In [1]:
from collections.abc import Sequence
from sklearn import preprocessing
import matplotlib.pyplot as plt
import numpy as np
import pandas as pd

import random
from matplotlib.pyplot import figure, show
from sklearn.model_selection import train_test_split
import os
from sklearn import metrics
from sklearn.feature_extraction.text import TfidfVectorizer
from tensorflow.keras.models import Sequential
from tensorflow.keras.layers import Dense, Activation, Dropout
from tensorflow.keras.callbacks import EarlyStopping
from tensorflow.keras.callbacks import ModelCheckpoint
from tensorflow.keras import optimizers


# Encode text values to dummy variables(i.e. [1,0,0],[0,1,0],[0,0,1] for red,green,blue)
def encode_text_dummy(df, name):
    dummies = pd.get_dummies(df[name])
    for x in dummies.columns:
        dummy_name = "{}-{}".format(name, x)
        df[dummy_name] = dummies[x]
    df.drop(name, axis=1, inplace=True)


# Encode text values to indexes(i.e. [1],[2],[3] for red,green,blue).
def encode_text_index(df, name):
    le = preprocessing.LabelEncoder()
    df[name] = le.fit_transform(df[name])
    return le.classes_


# Encode a numeric column as zscores
def encode_numeric_zscore(df, name, mean=None, sd=None):
    if mean is None:
        mean = df[name].mean()

    if sd is None:
        sd = df[name].std()

    df[name] = (df[name] - mean) / sd


# Convert all missing values in the specified column to the median
def missing_median(df, name):
    med = df[name].median()
    df[name] = df[name].fillna(med)


# Convert all missing values in the specified column to the default
def missing_default(df, name, default_value):
    df[name] = df[name].fillna(default_value)

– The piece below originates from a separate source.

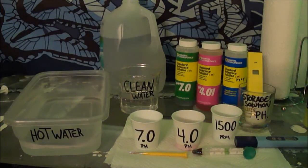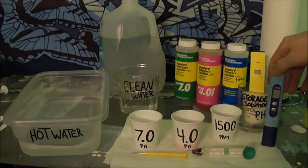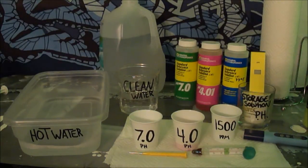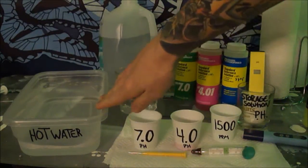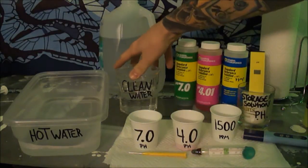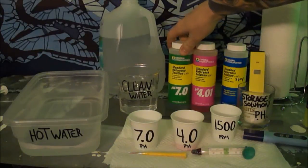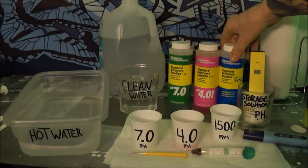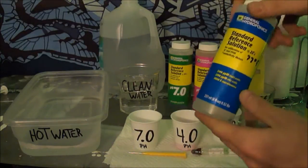I'm going to teach you how to calibrate your pH meter and your parts per million or total dissolved substances meter. This is really easy to do — the process is the same for both meters. All you need is some hot water, some clean purified water, and reference solution for your pH meter: 7.0 and 4.0.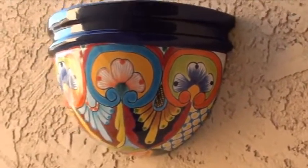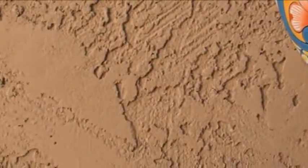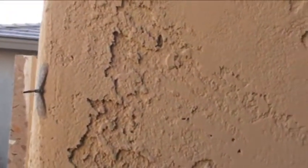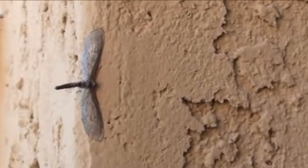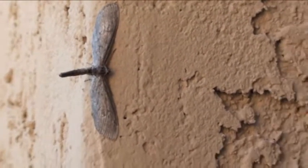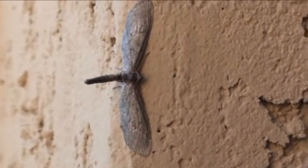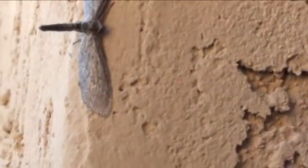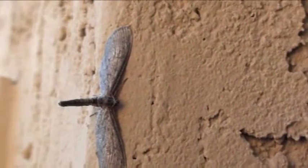I just got done hanging this really cool pot here and I saw a little buddy of mine watching me hang it. Maybe a baby dragonfly — I'm not sure. Earlier in the day I thought I had a praying mantis, but thanks to a good friend on YouTube I was told that it wasn't a praying mantis, so I'm not sure if this is a dragonfly or not either.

# Convert a Pandas dataframe to the x,y inputs that TensorFlow needs
def to_xy(df, target):
    result = []
    for x in df.columns:
        if x != target:
            result.append(x)
    # find out the type of the target column. 
    target_type = df[target].dtypes
    target_type = target_type[0] if isinstance(target_type, Sequence) else target_type
    # Encode to int for classification, float otherwise. TensorFlow likes 32 bits.
    if target_type in (np.int64, np.int32):
        # Classification
        dummies = pd.get_dummies(df[target])
        print('CLASS')
        return df[result].values.astype(np.float32), dummies.values.astype(np.float32)
    else:
        # Regression
        print('REG')
        return df[result].values.astype(np.float32), df[target].values.astype(np.float32)

# Nicely formatted time string
def hms_string(sec_elapsed):
    h = int(sec_elapsed / (60 * 60))
    m = int((sec_elapsed % (60 * 60)) / 60)
    s = sec_elapsed % 60
    return "{}:{:>02}:{:>05.2f}".format(h, m, s)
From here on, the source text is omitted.